Research has shown that drivers tend to complete more than two-and-a-half times as many tasks when travelling in a highly-automated car than when manually driving, reducing their attention to the road.
“One of the problems (with high-automated cars) is that drivers will have the capacity to do other things and as soon as you do other things you are distracted and that is potentially where the danger is,” Dorn added.
Her sentiments were echoed in a report issued last month by the International Transport Forum which said claims self-driving cars could avoid 90% of road deaths by eliminating these errors is an “untested and uncertain hypothesis”.
The report added: “Shared responsibility between robot and human drivers can, in fact, lead to more complex driving decisions.
“The unintended consequences might make driving less safe, not more. In situations where humans take over control from robots, more crashes might occur among ‘average’ drivers.”
The report added that many crashes involving human error also involve other factors which may still have led to that collision even if the human had not committed an error in judgment or misperception.

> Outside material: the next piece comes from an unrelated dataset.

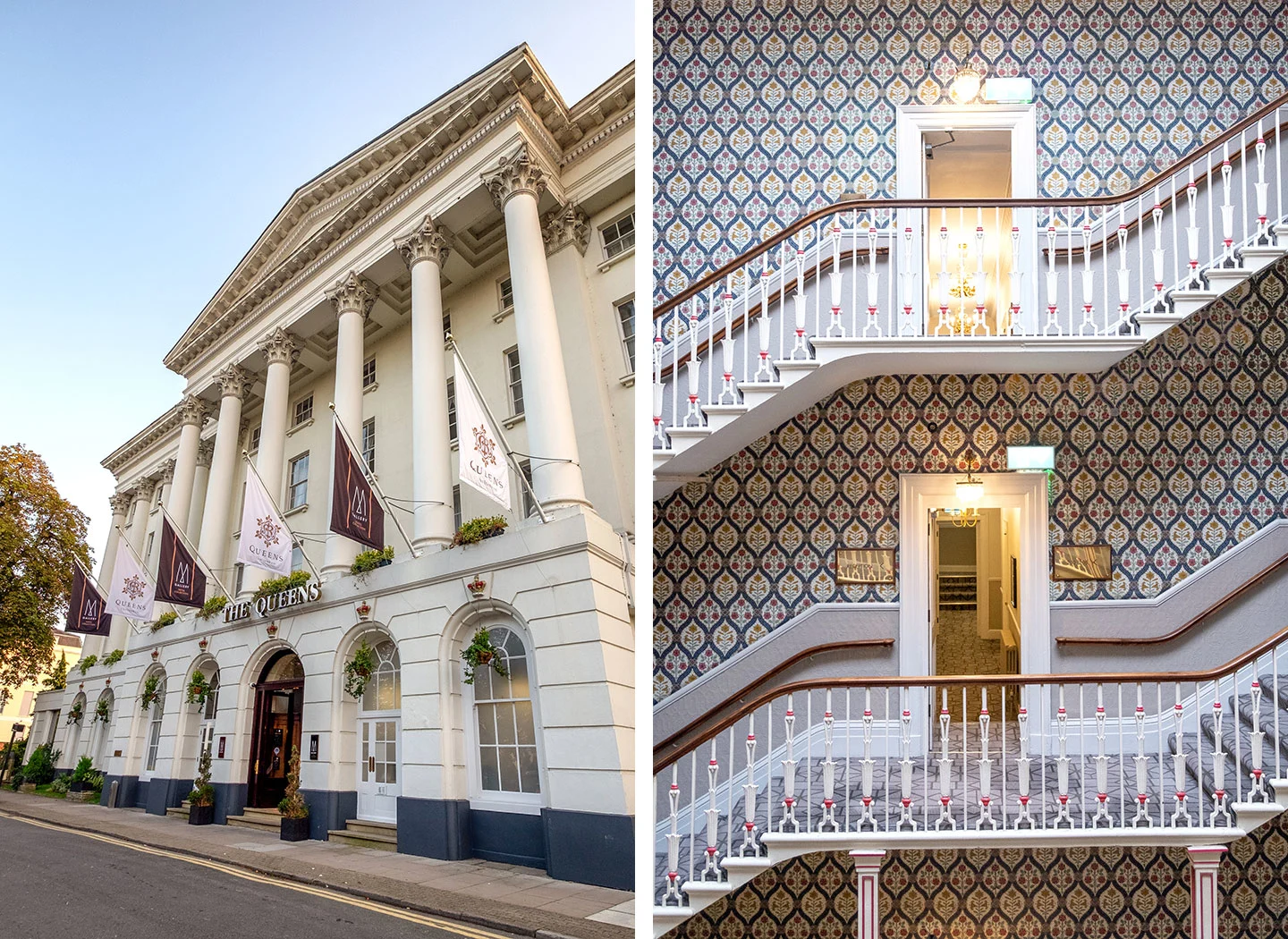 The Queen's Hotel in Cheltenham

These could include poor roadway design or faulty vehicles. “Human error can also be non-driver-related errors by pedestrians, cyclists and motorcyclists,” added the report. “Since they won’t be automated, their errors will probably not be eliminated by automation.
“These considerations do not likely impact the general finding that automation may continue to significantly better safety outcomes, but it may temper the assessment of automation benefits versus disbenefits.”
Advanced safety assistance systems can result in over-confidence
Cranfield University’s Lisa Dorn warned that advanced driver assistance systems such as forward collision warnings may also have a negative effect on safety, despite having an overwhelmingly overall positive impact on the number of collisions.
The European Commission last month announced that it wants 11 advanced safety features fitted as standard to all new cars and vans launched from 2020, and on all new vehicles sold from two years later.
Experts believe that AEB alone has the potential to save 1,100 lives and more than 120,000 casualties in the UK over the next 10 years, with research showing that cars fitted with the technology have a 38% reduction in rear-end crashes.
However, Dorn said the technology may also make some drivers over-confident.
She added: “If the technology makes them feel safer, they will take more risks. For example, people may feel they can drive faster when an ABS is in use.
“I’m sure fleet managers have stories about how drivers are using forward collision warnings and how annoyed they get with them, how they rely on parking assist and then crash into something because they go too close.”